In the luxury non performance market, it is obvious the trend has been shifting to outboards. Formula boats has been adding outboards to their lineup, and has dropped the Fastech line altogether. Chris Craft, Regal, Sea Ray; basically every boat manufacturer is adding large cruisers and open boats with outboards now. It makes sense, the outboards are easy to operate, easy to maintain, more efficient, faster, and quieter; There really aren’t many disadvantages. Mercury Racing has really cashed in on the center console market, even on boats that probably don’t need the features of the Merc Racing engines, the brand is taking on the cache of an AMG, BMW M, or Audi RS in automotive terms.

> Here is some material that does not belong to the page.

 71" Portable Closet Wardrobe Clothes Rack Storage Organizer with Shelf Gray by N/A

Does the 450R change anything? It does. With that much power, you open the door for hardcore offshore boats to adopt them without giving much up on top speed. The light compact design means triples on a narrow beam hull is possible. Moreover, you can run twin 450Rs on anything from a 28’ to a 36’. And even though that market isn’t very price sensitive, the reality is the big outboards are more economical in every way.

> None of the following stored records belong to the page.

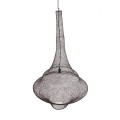 GloboStar® KENTUCKY 01878 Vintage Κρεμαστό Φωτιστικό Οροφής Μονόφωτο 1 x E27 AC220-240V IP20 - Φ80 x Υ140cm - Σκούρο Καφέ Μεταλλικό Πλέγμα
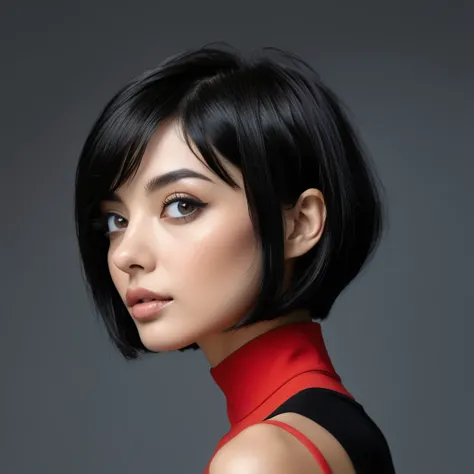 2 woman, big, slanted eyes, short black bob hair, square face, ((Photo realistic)) ((masterpiece)) ((full body)), detailed body, slender body, small breasts, long legs. Woman profile photo, looking up.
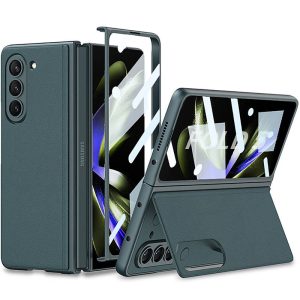 Шкіряний чохол для Samsung Galaxy Z Fold5 Сірий GKK 360 + Glass з підставкою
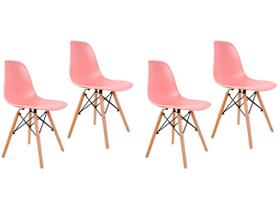 Jogo de Cadeiras de Polipropileno e Madeira - Empório Tiffany Eames 4 Peças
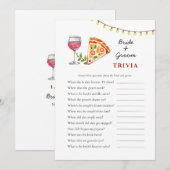 Invitation Pizza et Fête des mariées de vin Jeux Trivia (Devant / Derrière)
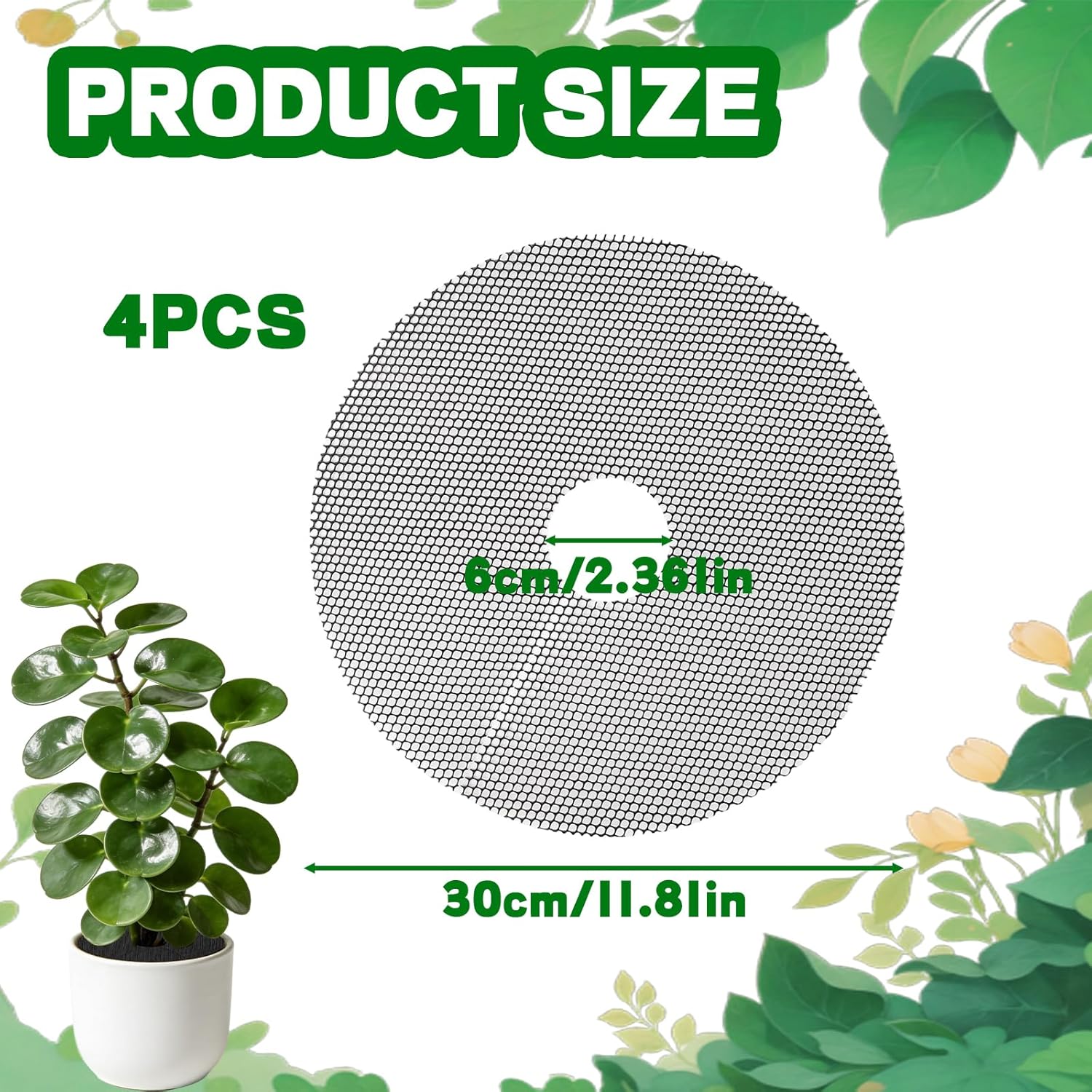 4-Pack Plant Pot Grids- 15.7 Inch Cuttable Mesh Plant Pot Soil Covers -Protectors from Animals - Plant Protector Ring for Indoor Outdoor Garden Plant
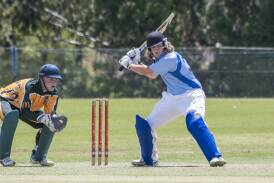 Whack: ACT Southern's Nick Groenewegan looks to go big during his 44-ball 45 against North Coastal on Tuesday. Photo: Peter Hardin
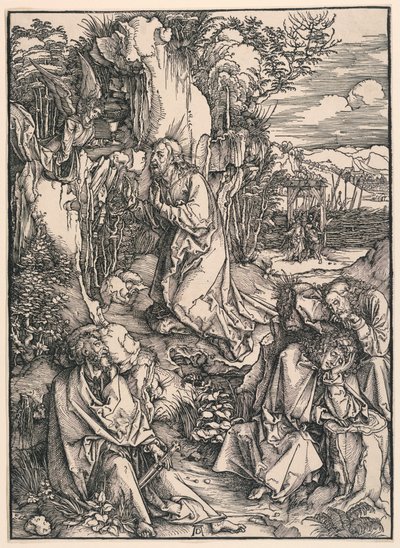 オリーヴ山上のキリスト（庭の苦悶）、大いなる情熱から 作： Albrecht Dürer
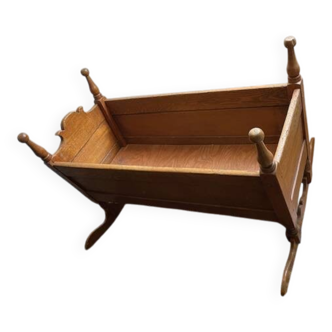 Vintage solid oak rocking cradle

One smart thing about the V8 platform is the sound. Something like sound may sound trivial, but the Mercury Racing V8s sound very cool, that isn’t lost on performance boaters. The platform is pretty impressive in a way, sharing the basic architecture with the Mercury 4.6 V8 line, starting at 200 HP, all the way to the new 450R. The 300R has some major differences over the 250R, including cams, midsection and tuning; and the 450R is yet another level of engineering, adding the innovative supercharger, beefier mid section, yet retaining almost the same size.
To think you could have a 450 HP outboard that not only has a 3 year warranty, but can run all day efficiently, and be happy pushing a 10,000 lb center console or a lightweight cat to speeds beyond 130 MPH seems wild. The large displacement 4.6 V8 makes it possible. A twin screw, 2.4 L water cooled supercharger offers boost from 0 to full RPM. Air coolers increase air density, and a bypass valve optimizes the system. The 64 degree 32 valve DOHC V8 revs to 6400 RPM, and idles at 600 RPM. Digital throttle and shift, oh and it runs on 89 octane.

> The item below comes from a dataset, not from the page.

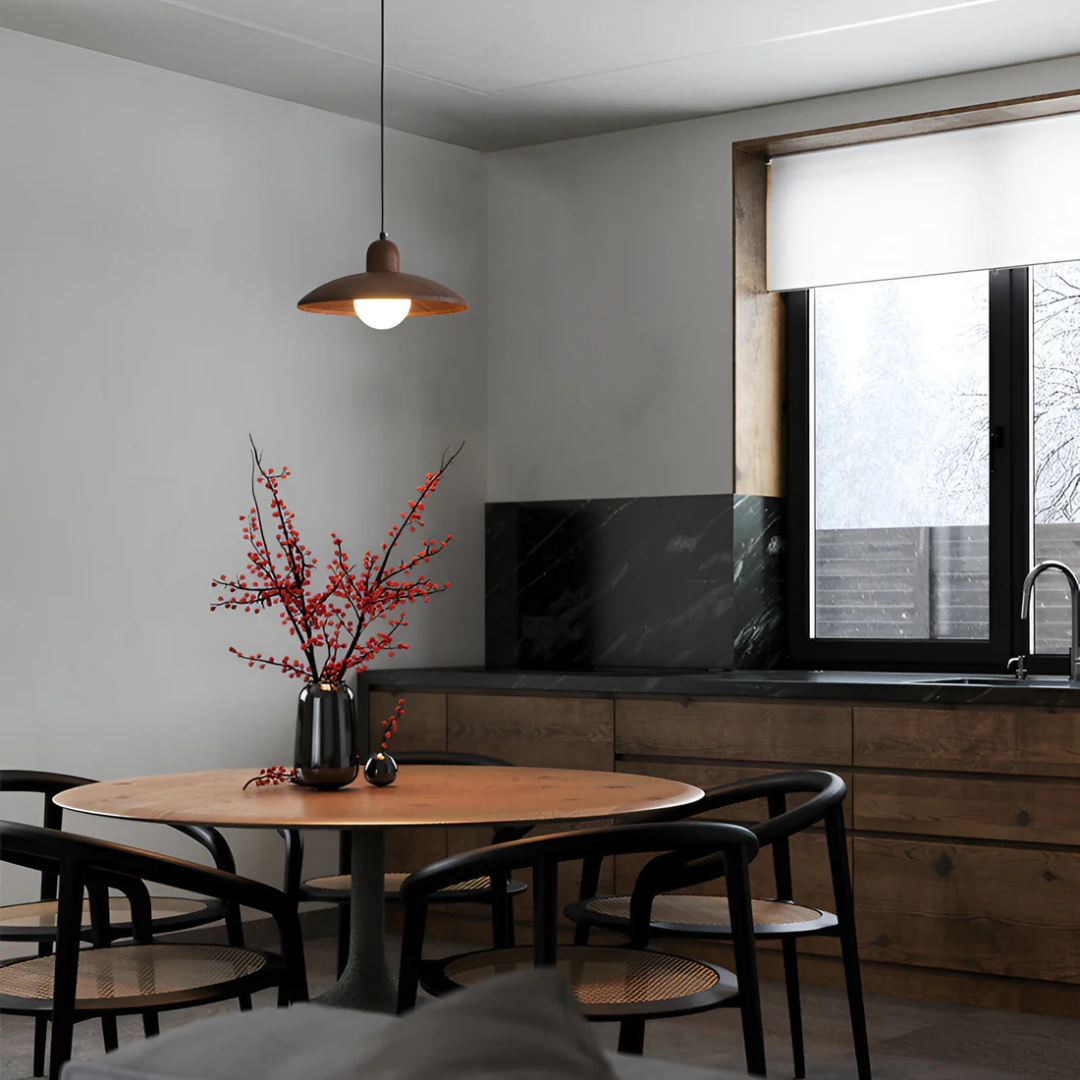 Kazumi Pendant Light In Walnut Wood Tone With Japanese Wabi Sabi Charm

The “advanced mid section” AMS isolates the engine, but is stiff enough to handle the higher speeds the 450R is capable of. An integrated tie bar is a slick design for multi-engine applications. Everything was well thought out by Mercury Racing. The narrow design means 26” center to center mounting with multiple engines. And, you can digitally control up to six engines from one control. Speed control adapts throttle to speed in changing conditions to maintain a set speed. Two gearcases, the Sportmaster and 5.44 HD are available with a 1.60:1 gear ratio. If I keep listing features, this is going to start sounding like TV infomercial from the eighties.
Years from now, offshore sport boats of all sizes will have more outboard models than sterndrives, much of the luxury center console market will convert back to outboard sport boats for comfort, efficiency and driveability. The cat market will continue, they are just too good at what they do. After you drive a twin engine top of the line sport cat, the experience will change you.
The Mercury Racing 450R is the real deal, and will shape the future of performance boating in many ways.